Retrieval from a case-based reasoning database.
We examined users' information retrieval performance and their perceptions of their performance for a case-based reasoning knowledge repository to determine how users should be supported for effective use. The users were able to retrieve information from the system and noticed a difference between traditional keyword searching and case-based reasoning searching, but did not understand what caused the difference. This lack of understanding may limit the full potential of alternative search engines that provide results in a different manner than familiar search engines.
Teachers and those who educate them are continually searching for innovative and effective tools to assist with learning to integrate technology into teaching. When teachers are seeking resources for solving a technology integration problem, they turn to databases, work groups, and communities of practice. They look for similar situations to see how problems were solved and then adapt the information that they find to fit their own needs. The Knowledge Innovation for Technology in Education (KITE) project is a web-based knowledge repository with nearly 1000 stories or cases describing the real-life experiences of in-service teachers as they integrate technology into their teaching (Wang, Moore, Wedman, & Shyu, 2003). The technological design of this repository relies on information retrieval with case-based reasoning (CBR), which means that the users can search for cases that are either identical or similar to the desired criteria. Although the repository provides access to a wealth of knowledge, many users are not familiar with the search principles of CBR retrieval systems.
With the proliferation of the new search engines, it may be necessary to create support tools, such as job-aids and tutorials that will assist users in effectively using the search interface. In order to determine what type of support users need, we decided to examine their search experience while using the KITE search engine. A survey by Jonassen and Erdelez (2005) identified that unfamiliarity with the new search environment was the most consistent problem for using the CBR database. In another study, Wu (2006) identified the importance of providing users a conceptual description of the search engine in order to facilitate higher search correctness and user satisfaction.

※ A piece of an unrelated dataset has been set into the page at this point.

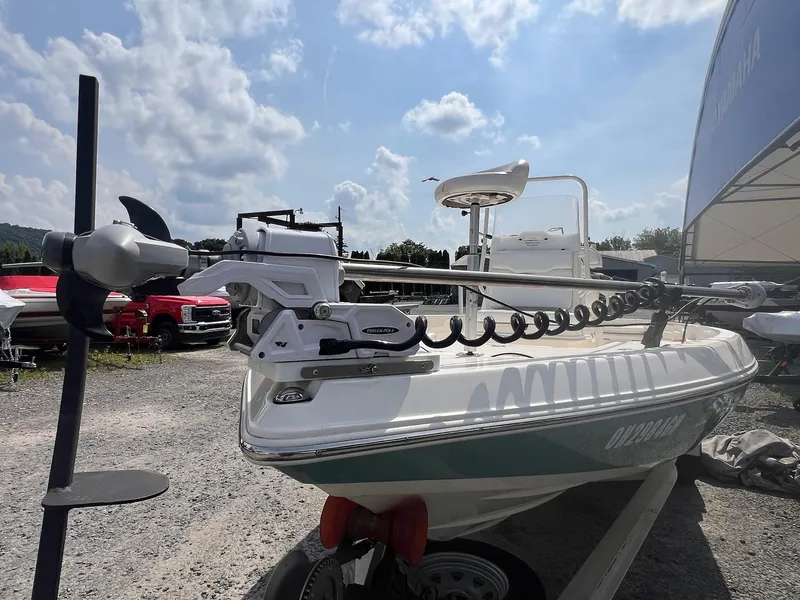 Slide: The Image of Skeeter SX210 2021 - 25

Our study builds on this prior research by applying task-based evaluation, conducted in a usability laboratory[l]. In particular, the study collected data about users' search sessions in response to assigned search tasks, and users' perceptions of searching with CBR and keyword search interfaces.
The Principles of Case-Based Reasoning
According to Jonassen and Hernandez-Serrano (2002), we can prepare professionals to deal with ill-defined and ill-structured problems in the workplace by exposing them to stories generated in the same environment. People will naturally use what they have learned in a previous problem and apply it to a new problem. This principle creates the basis for utilizing cases to generate solutions, and it is used extensively in everyday, common sense reasoning. The process of problem solving that includes analysis, evaluation, synthesis, and conceptualization, produces better judgment and decision-making. From a CBR perspective, the problem-solving approach involves the process of retrieving/adapting of cases with associated solutions (Bradley, 1994). An assumption is that individuals have numerous experiences that have been indexed in their memory to make available to themselves and other people to be used in new situations. An additional assumption is that community knowledge is stored and can be captured in the form of stories (Schank, 1990).

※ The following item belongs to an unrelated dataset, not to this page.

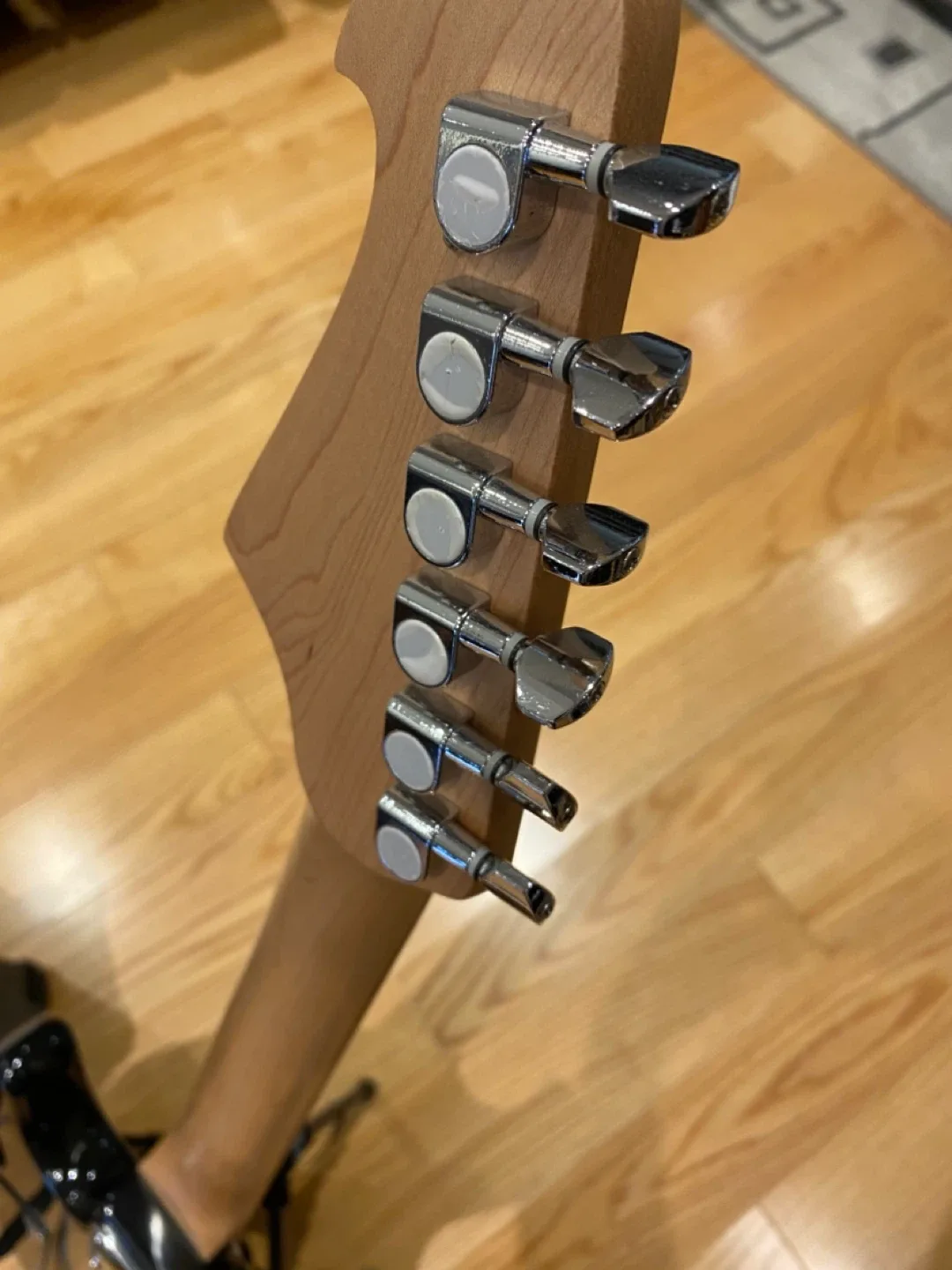 Spectrum Electric Guitar with Amp image indicator(4)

The KITE knowledge repository embodies a library of technology integration cases, with each case containing a description of the problem, the solution and/or the outcome (Wang, Moore, Wedman, & Shyu, 2003). Each case reflects the knowledge and reasoning process used by the teacher to solve the problem. Although this process is not labeled, it is implicit in the solution. Thus, the repository can be used as an anchor for instructional activities integrated within a teacher education course. Students can analyze and synthesize multiple cases given an instructional situation, then develop new lesson plans or activities based on the same thread of cases. Case-based reasoning includes four major steps: retrieve, reuse, revise, and retain. When solving a current problem, the user searches for similar cases in the database. The retrieved cases are used to suggest a solution, which is reused and tested for success. If necessary, the solution is then revised. Finally the current problem and the final solution are retained as part of a new case.

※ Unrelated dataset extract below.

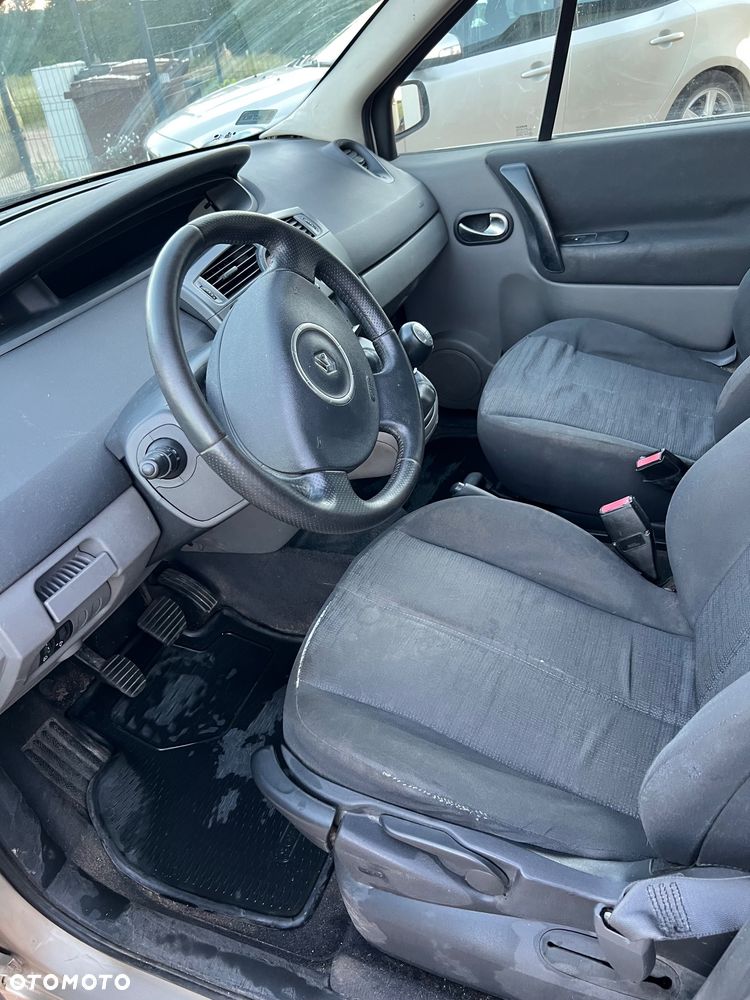 Renault Scenic 1.6 16V Infinity - 9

There are three options for accessing the case library: Browsing, Keyword Search, and Super Search. Browsing provides an approach for users to navigate the entire library by the predefined index terms, such as type of technology used, standards, and subject. The Keyword Search finds information by counting the term frequencies of keywords in text. The searching is more complex for the Super Search, because the search engine retrieves cases based on semantic meanings (i.e., similarities) and the "distance" between the meanings. A meaningful distance measurement between cases is the key to the search engine. A distance between two values ranges from 0 to 1 with l being the maximum distance, which means no similarity at all. When a query case is submitted, the engine first computes the distances between the query case and all cases in the database. A shorter distance is expected when two cases are more similar. The engine then ranks the distances to determine the order of retrieved cases so that the users are prompted with the best matched case first. If the initial retrieval results are not satisfied, the users can revise the query case or create a new query case. For instance, imagine that a user submits a search request for stories about technology use in third grade classes. If the search engine cannot find third grade cases, it will first return second and fourth grade cases, then first and fifth grade cases, and so on. If the engine cannot find science cases, it will return math cases before returning language arts cases since math is arguably closer to science than language arts. As such, users may not find perfectly matched cases but the Super Search always returns other closely related cases. Consequently, previous search experiences with tools such as Yahoo or Google can impact how users perceive the results retrieved from the Super Search. The potential for misperceptions of the search functions was the basis for our study.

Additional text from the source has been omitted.